Corporate raider Carl Icahn, who has amassed a controlling 28 percent stake in Caesars over the last several months, professed himself “pleased.”
Icahn, the main catalyst for the deal, had been pushing hard for a sale of the Las Vegas-based gaming giant, which had shed some $10 billion in debt through a reorganization in U.S. Bankruptcy Court of its largest operating company two years ago, but was unable to generate much lift under a share price that’s lagged below $10 ever since, despite an enormous portfolio of 53 properties in 14 U.S. states and five other countries.
Once Icahn swooped in, eventually claiming three seats on the board of directors, a sale was all but assured.
“This merger is the quintessential example of how an activist shareholder, working collaboratively with the board, can enhance value for all stockholders,” he said in a prepared statement accompanying the announcement of the merger last Monday. “The deal price represents a premium of 51 percent over Caesars’ trading price on the day before our representatives joined the Caesars board on March 1, 2019.”
Needless to say, that’s a huge profit for Icahn and a win overall for Caesars shareholders.
Eldorado is a relatively obscure Northern Nevada operator that went on a buying spree five years ago and transformed itself into a major player in the U.S. regional market with 26 casinos in 12 states. It will acquire all of Caesars’ outstanding shares for $8.40 in cash each and 0.0899 shares of Eldorado stock based on Eldorado’s 30-calendar day volume weighted average price per share as of May 23.

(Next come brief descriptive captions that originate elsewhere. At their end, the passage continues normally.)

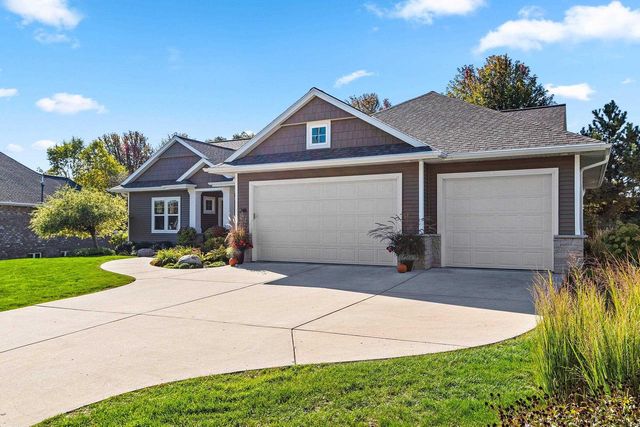 248 SHELLEY LANE, De Pere, WI 54115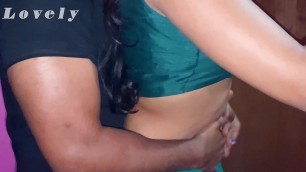 indian desi wife lovely cheating with ex lover ! HINDI AUDIO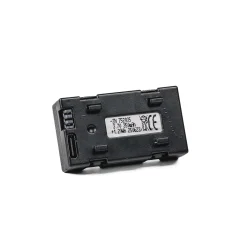 TEC-TOY F16 Jet Drone 2,4GHz w/foam body &amp; light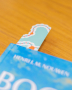 Pratilica (Bookmark) DC  - Krunica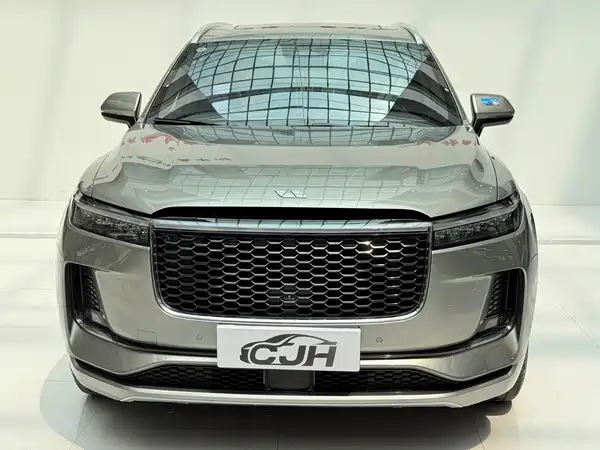 Li Auto ONE 2021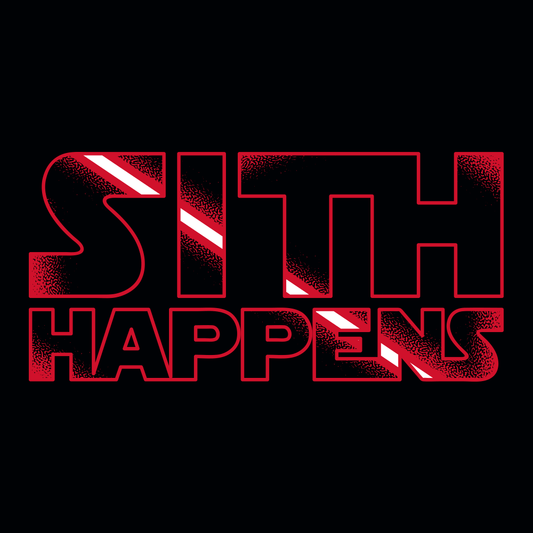 Sith Happens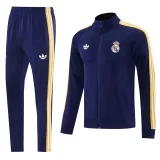 26-27 RMA Royal Blue Jacket Tracksuit #05
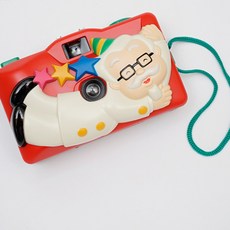 한정판토이카메라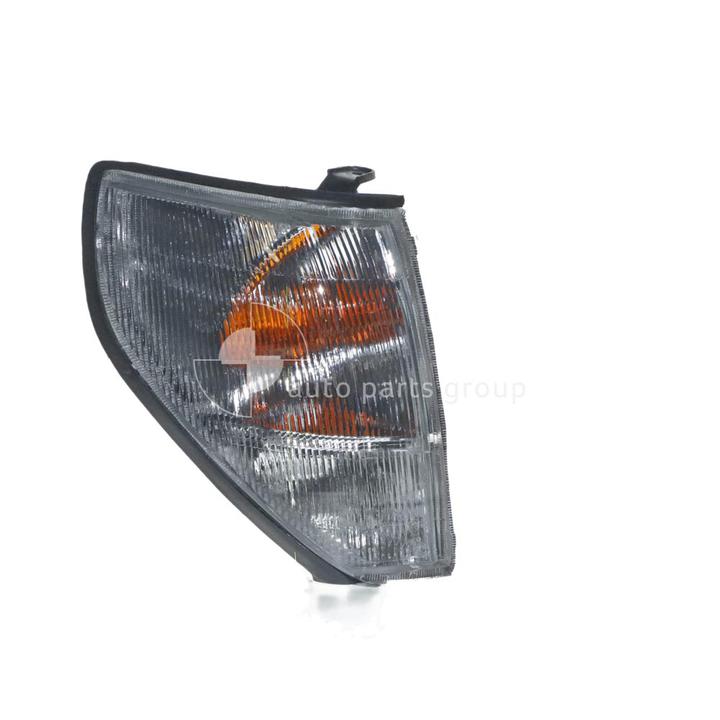 APG All Crash Front Park / Indicator Lamp Drivers Side Certified Suits Toyota Prado KZJ95R/RZJ95R/VZJ95R 1996 to 2002 TLE-21010RHQ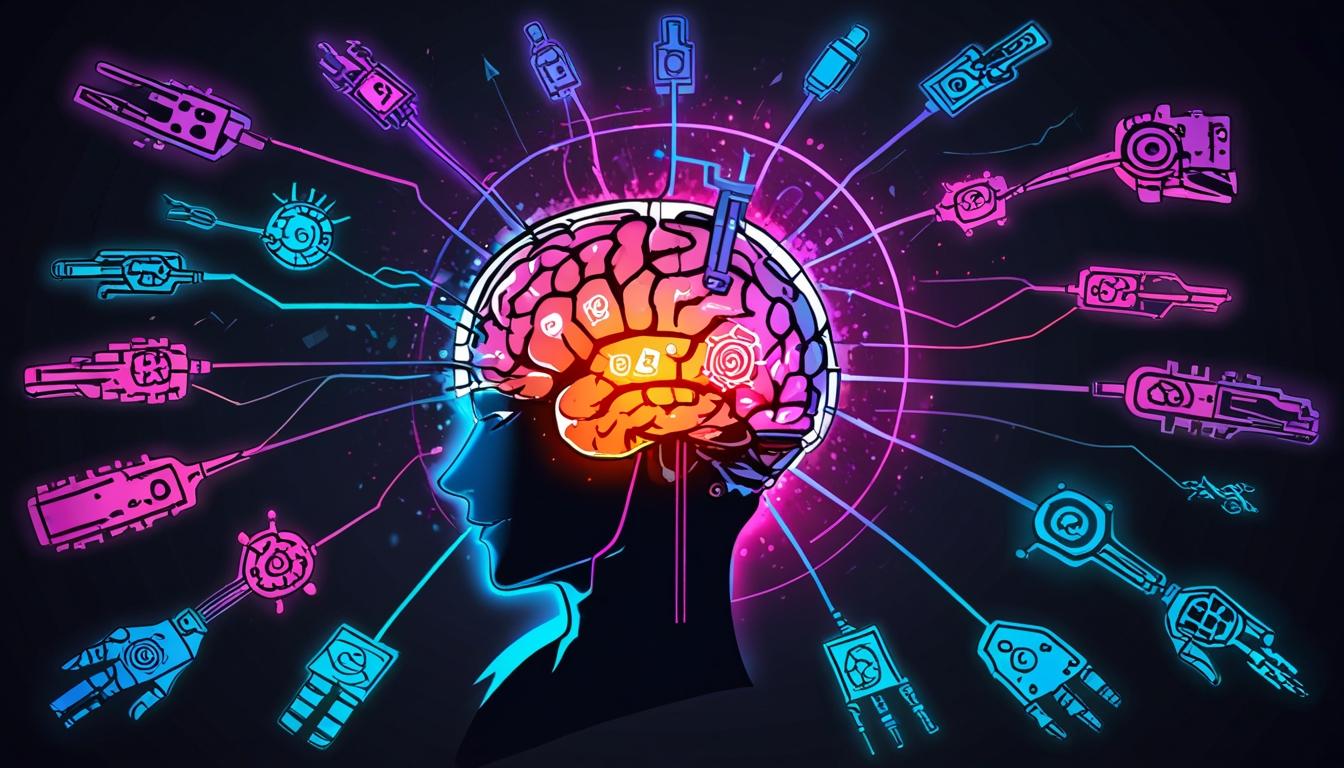 AI transformation and energy innovation set to reshape organisations by 2025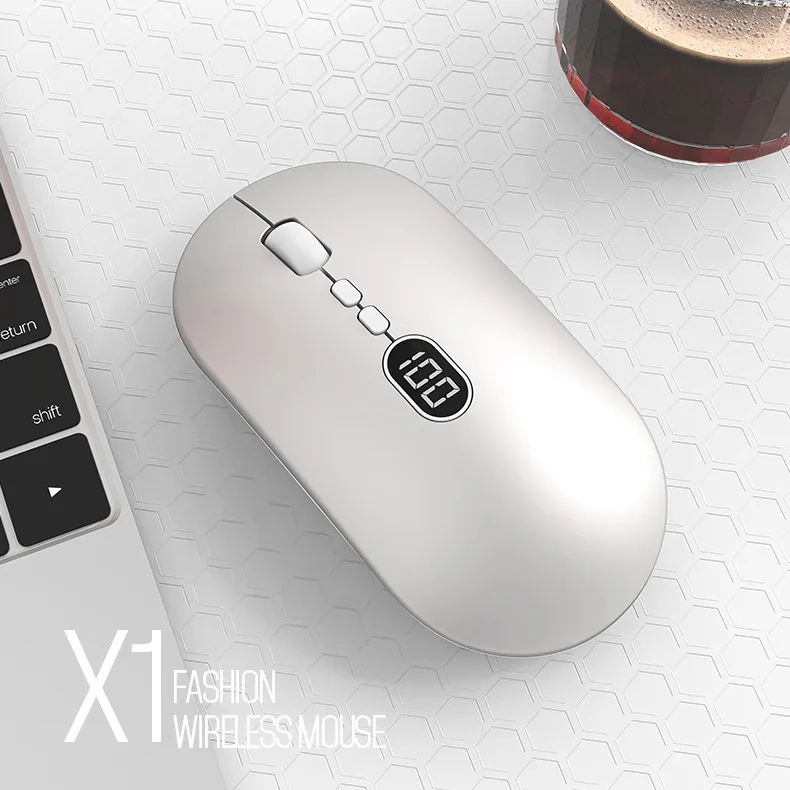 FW-X1-SILVER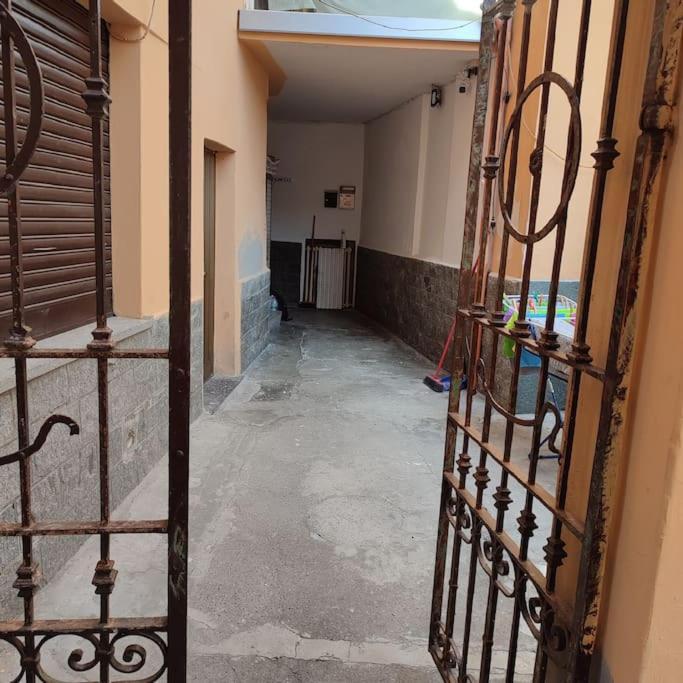 Casa Maria Διαμέρισμα Ντέρβιο Εξωτερικό φωτογραφία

Based on that formula, the deal values Caesars’ equity at $8.54 billion, or $12.75 per share, and is worth in total approximately $17.3 billion, comprised of $7.2 billion in cash, approximately 77 million Eldorado shares and the assumption of Caesars outstanding debt of roughly $8.8 billion. Respectively, Eldorado and Caesars shareholders will hold approximately 51 percent and 49 percent of the shares of the combined company, which will retain the Caesars name.
Shareholders of both companies need to approve the merger, which is expected to close some time next year.
It’s the biggest casino sale since Caesars’ ill-fated leveraged buyout by TPG and Apollo Management in 2008 which ultimately landed the gaming giant in Chapter 11. Counting Eldorado’s 26 casinos—23 after a pending sale of two casinos in Missouri and one in West Virginia—it’s a massive portfolio, one that carries nowhere near the debt load of the Apollo-TPG deal but is sizable debt nonetheless. Eldorado shareholders reacted negatively to the announcement, sending the stock down more than 8 percent.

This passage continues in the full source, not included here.